Resilience to climate change (Building & communities): Increased understanding of building resilience to climate change and the wider implication for communities is urgently required. Building fabric response to climate change, such as materials and structures being wetter for longer and their associated deterioration mechanisms are imperative for our ability to confidently design and repair our existing built environment. Change in environmental conditions and exposure has meaningful implications for the performance and longevity of materials but also has ramifications for functional architectural design form through to building detailing. Climate change will force alteration in design and classical detailing to satisfy mitigation strategies seeking to sustain architectural life expectancies. In addition, whilst building maintenance and fabric repair uptake is generally poor, it is essential for sustainable and cost-effective building operation through its life cycle locking up ‘embodied carbon’. Previous initiatives have gained limited traction within the sector and in response a theoretical model was developed by myself and co-investigators entitled ‘green maintenance’, stimulating uptake for maintenance in ‘hard to treat’ historic buildings. I have developed a significant body of work within building resilience to climate change and more specifically, the implications of flood and increasing rainfall of traditional fabric. I have attained grant funding from EPSRC for my work entitled ‘An assessment of binder leaching in traditional mortars for mass masonry’ (£150K) and Centre for the Built Environment [CEBE] ‘Cob wall response to flooding’ (£5K).

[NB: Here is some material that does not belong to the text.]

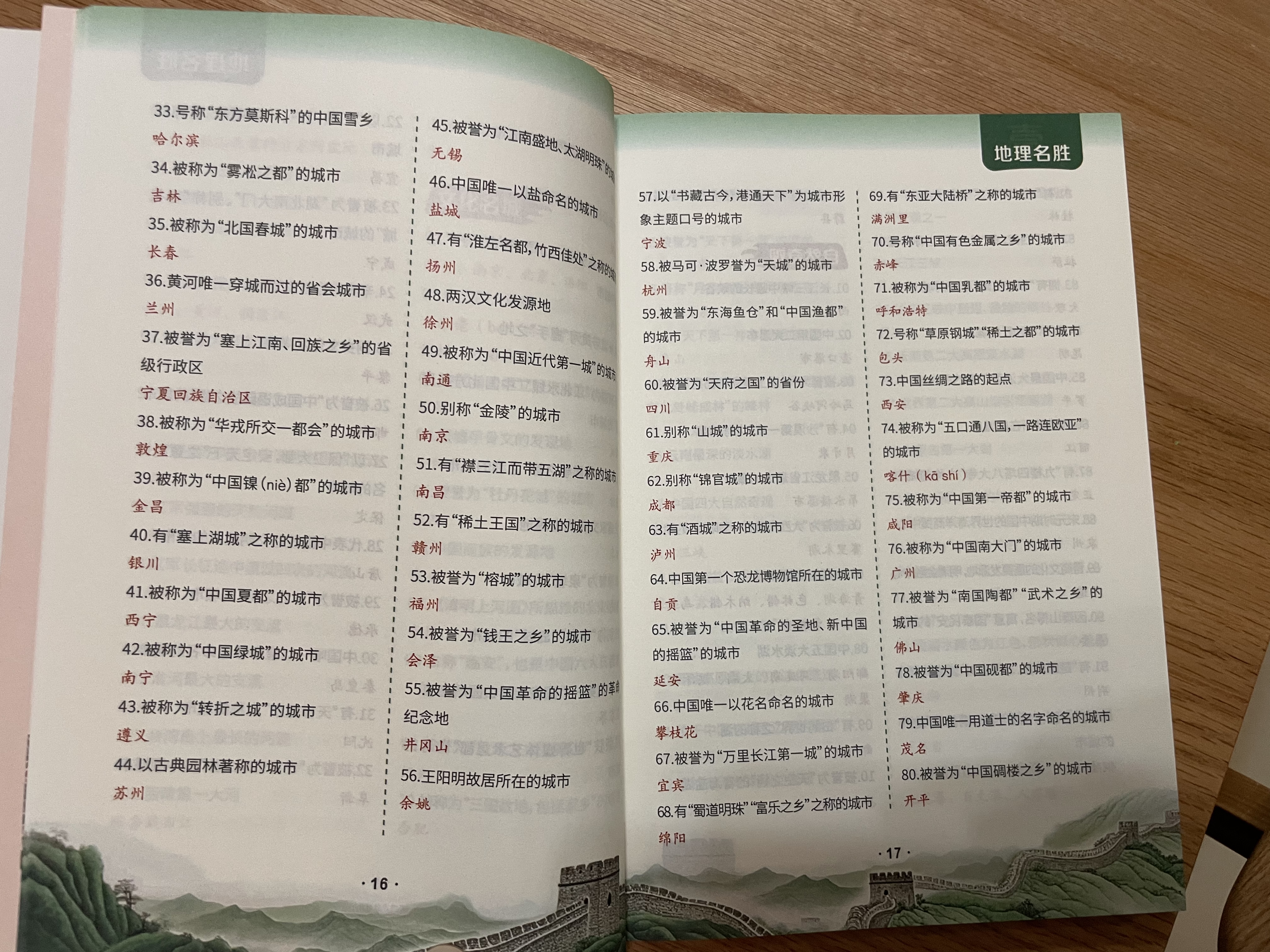 我是中国人所以我知道全套2册中国孩子必知的文化常识3000问历史典故300则 中小学生文化常识全书 2026大语文必备知识漫画暑假阅读新作课外阅读必读书单儿童趣味百科 实拍图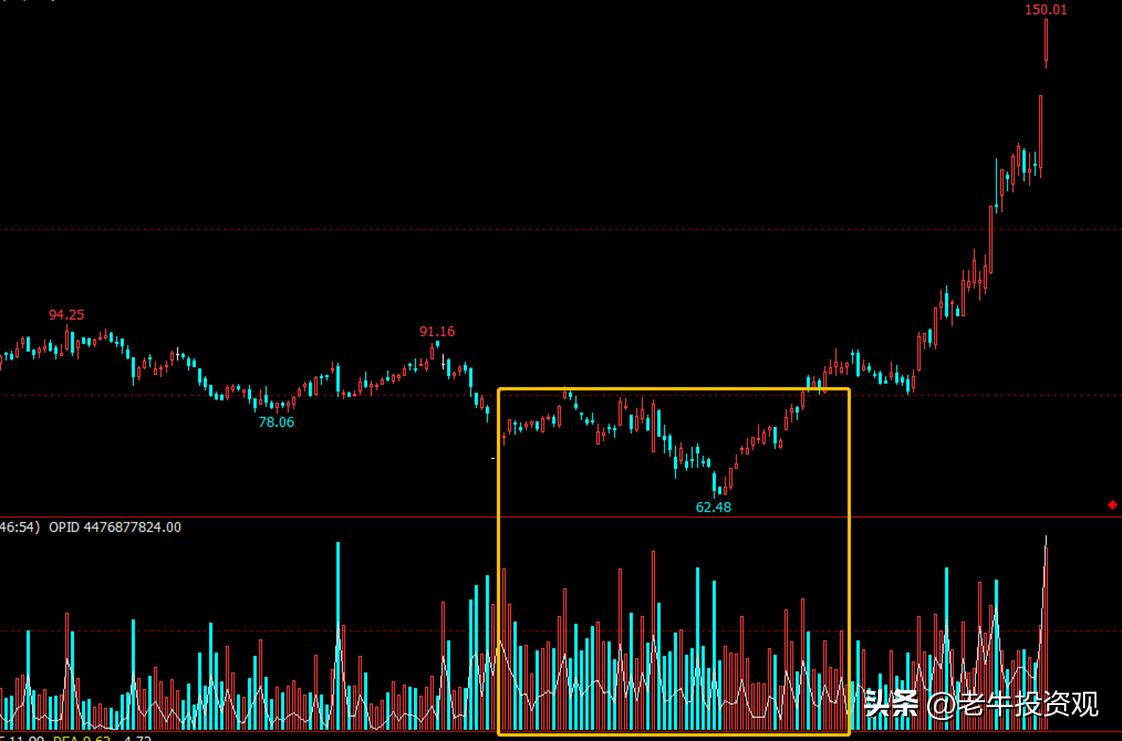 股票看到涨就想买,股票看到涨的时候立马卖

Beyond structure and fabric, the interconnected, inherently complex forces of chronic stress acting upon communities drive adaptation post disruption. Community resilience is not solely financial or a question of resource inequality but is dependent upon ‘networks’ for social support, flexibility, organisation and access to expertise. The complexity of the issues confronting communities test their ‘adaptive capacities’ and these require multi-disciplinarity approaches to help mitigate and response to issues. I have attained previous grant funding from the Royal Academy of Engineering and the British Council investigating resilience and community resilience. My British Council grant entitled ‘Sustainable and Resilient Infrastructure for Economic Development’ (£48K); was followed by a grant from RAE entitled ‘Urban Crisis resilience: ‘The Urban Opportunity for Building a Resilient Future’ (£1.5K) and most recently my Frontiers of Development ‘The educational opportunity for building a resilient future’ exploring challenges present by climate change globally (£18K). The Frontiers of Development project was a multi-disciplinary and truly global project with partners at Queensland University of Technology, Waikato University, University of Lagos; and Ice-cream architecture, Glasgow. The community resilience project focused upon the development of an open-source web based educational offering in ‘resilience’ that has experiential professional learning at its heart.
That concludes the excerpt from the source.